[Given data Boundary: Start]

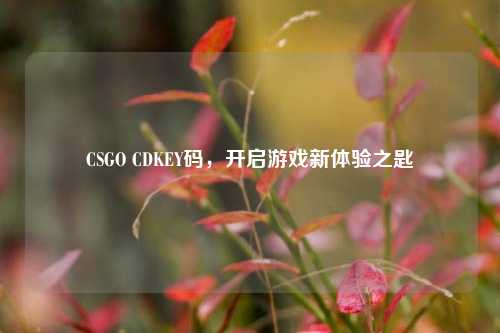 CSGO CDKEY码，开启游戏新体验之匙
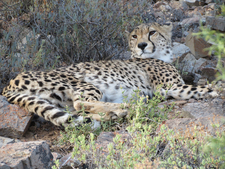 Burning bright: Sanbona Wildlife Reserve 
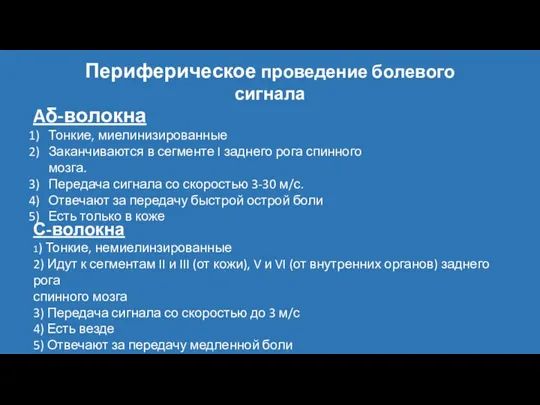 Периферическое проведение болевого сигнала Aδ-волокна Тонкие, миелинизированные Заканчиваются в сегменте I заднего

[Given data Boundary: End]

Requirement
Exactly repeat the data above; the pictures do not belong in your copy.

Expected output
 CSGO CDKEY码，开启游戏新体验之匙
 Burning bright: Sanbona Wildlife Reserve 
 Периферическое проведение болевого сигнала Aδ-волокна Тонкие, миелинизированные Заканчиваются в сегменте I заднего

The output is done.